A new, lightweight composite material for energy storage in flexible electronics, electric vehicles and aerospace applications has been experimentally shown to store energy at operating temperatures well above current commercial polymers, according to a team of Penn State scientists. This polymer-based, ultrathin material can be produced using techniques already used in industry.
“This is part of a series of work we have done in our lab on high-temperature dielectrics for use in capacitors,” said Qing Wang, professor of materials science and engineering at Penn State. “Prior to this work we had developed a composite of boron nitride nanosheets and dielectric polymers, but realized there were significant problems with scaling that material up economically.”
Scalability – or making advanced materials in commercially relevant amounts for devices – has been the defining challenge for many of the new, two-dimensional materials being developed in academic labs.

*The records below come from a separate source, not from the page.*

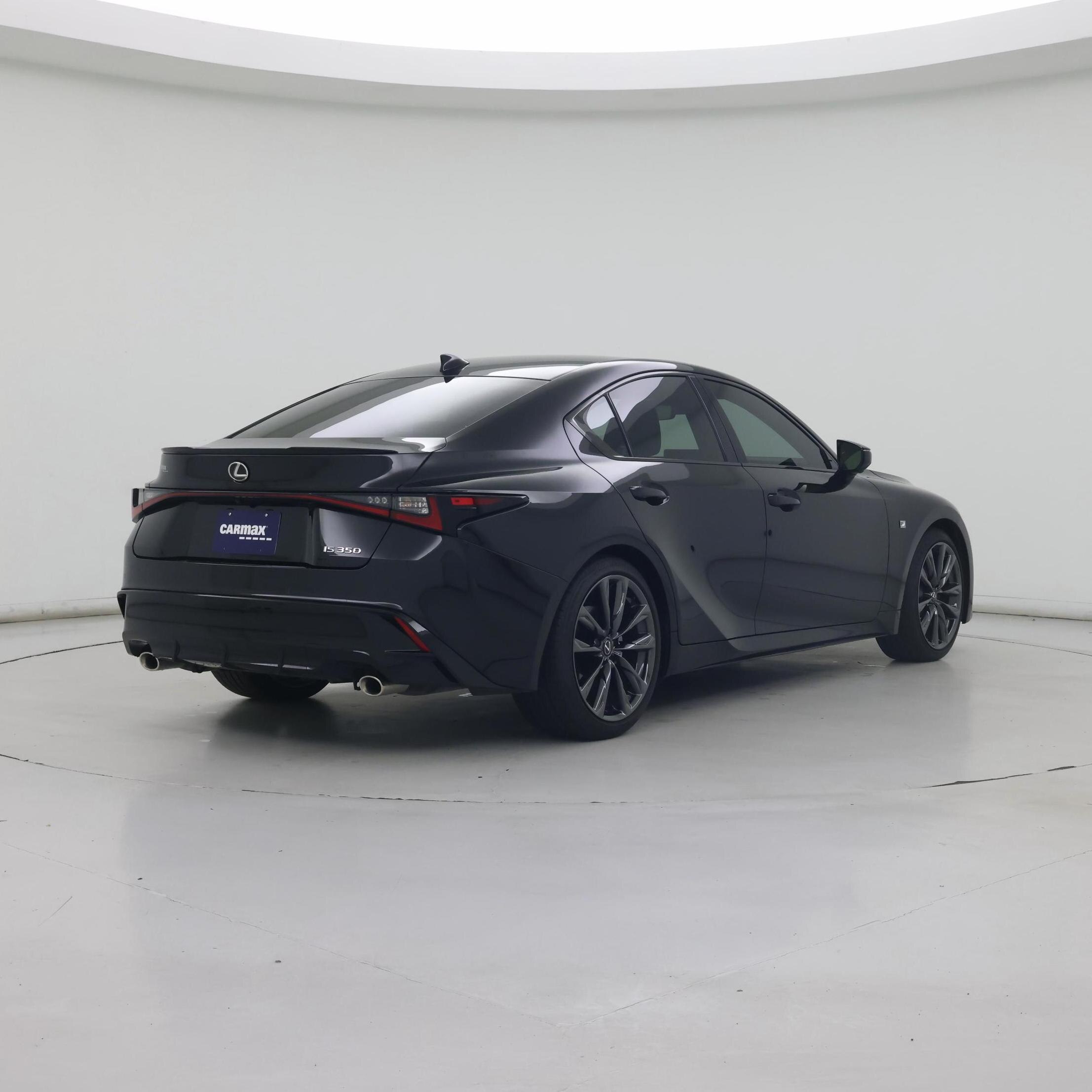 Thumbnail: 2025 Lexus IS - 8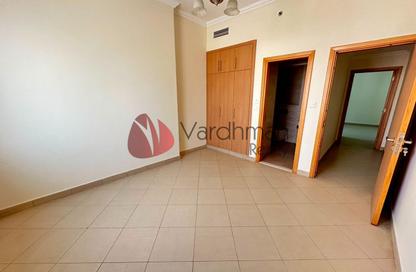 Apartment - 1 Bedroom - 2 Bathrooms for rent in Murdih Tower - District 17 - Jumeirah Village Circle - Dubai
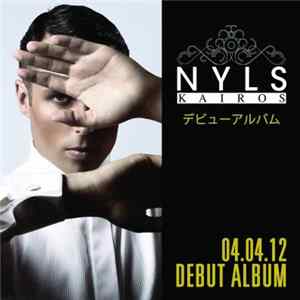 Nyls - Kairos (04.04.12 Debut Album) FLAC album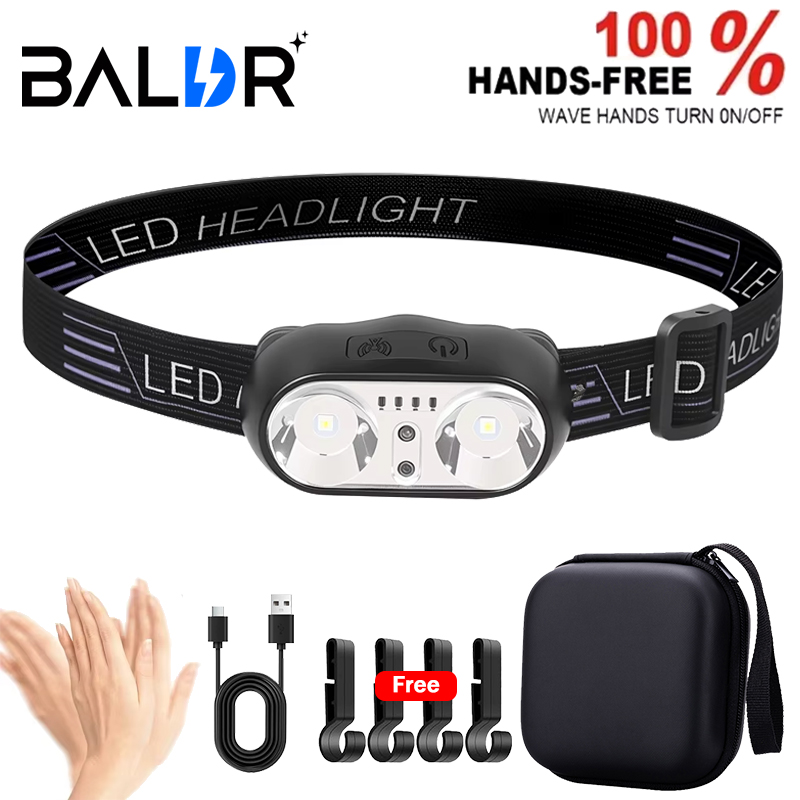 Lampu Kepala Mini LED Terang u - Led Headlight Bulbs ulasan dan harga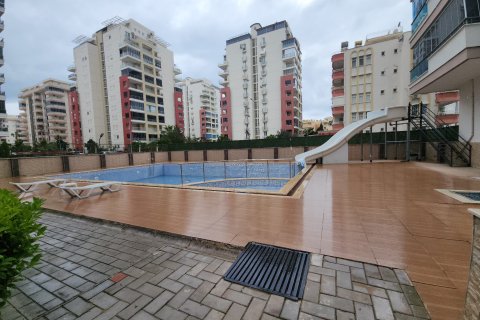 Daire  3+1  Mahmutlar, Antalya, Türkiye №221783 - 13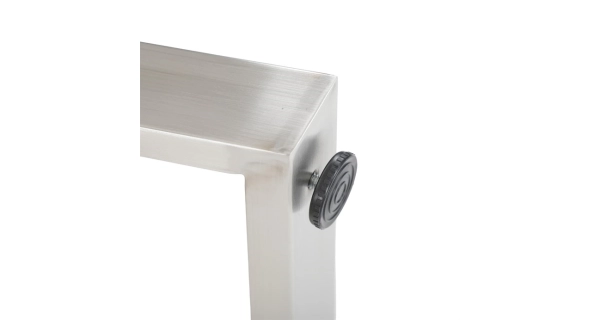 Konferenční stolek WINVEL, dub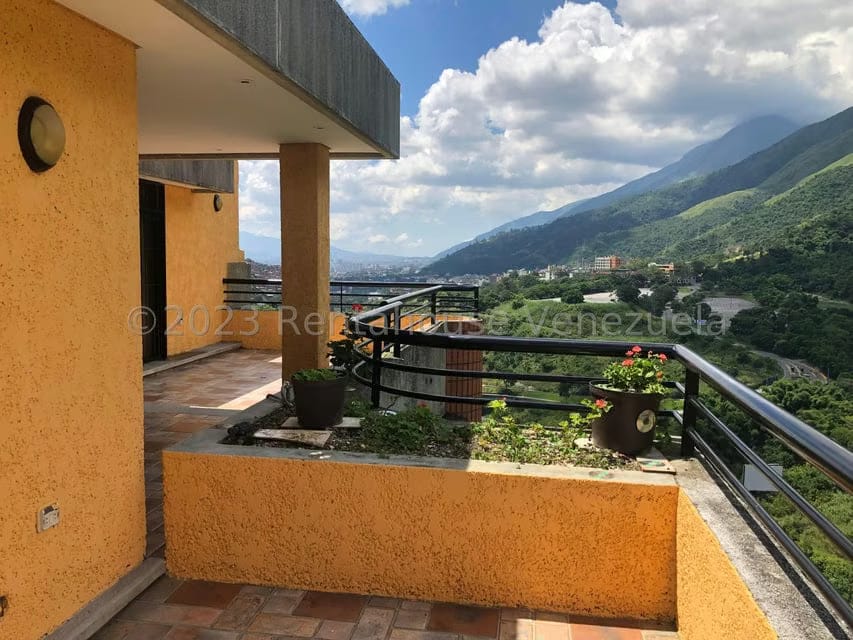 Apartamento (Duplex) en Venta en Miranda, Distrito Metropolitano - 74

“From a soft materials perspective, 2D materials are fascinating, but how to mass produce them is a question,” Wang said. “Plus, being able to combine them with polymeric materials is a key feature for future flexible electronics applications and electronic devices.”
To solve this problem, Wang’s lab collaborated with a group at Penn State working in two-dimensional crystals.
“This work was conceived in conversations between my graduate student, Amin Azizi, and Dr. Wang’s graduate student, Matthew Gadinski,” said Nasim Alem, assistant professor of materials science and engineering and a faculty member in Penn State’s Center for 2-Dimensional and Layered Materials. “This is the first robust experiment in which a soft polymeric material and a hard 2D crystalline material have come together to create a functioning dielectric device.”
Azizi, now a post-doc at UC Berkeley, and Gadinski, now a senior engineer at DOW Chemical, developed a technique using chemical vapor deposition (CVD) to make multilayer hexagonal boron nitride nanocrystal films and transfer the films to both sides of a polyetherimide (PEI) film. They next bonded the films together using pressure into a three-layer sandwich structure. In a result that was surprising to the researchers, pressure alone, without any chemical bonding, was enough to make a free-standing film strong enough to potentially be manufactured in a high-throughput roll-to-roll process.
The results were reported in a recent issue of the journal Advanced Materials in a paper titled “High-performance Polymers Sandwiched with Chemical Vapor Deposited Hexagonal Boron Nitrides as Scalable High-Temperature Dielectric Materials.”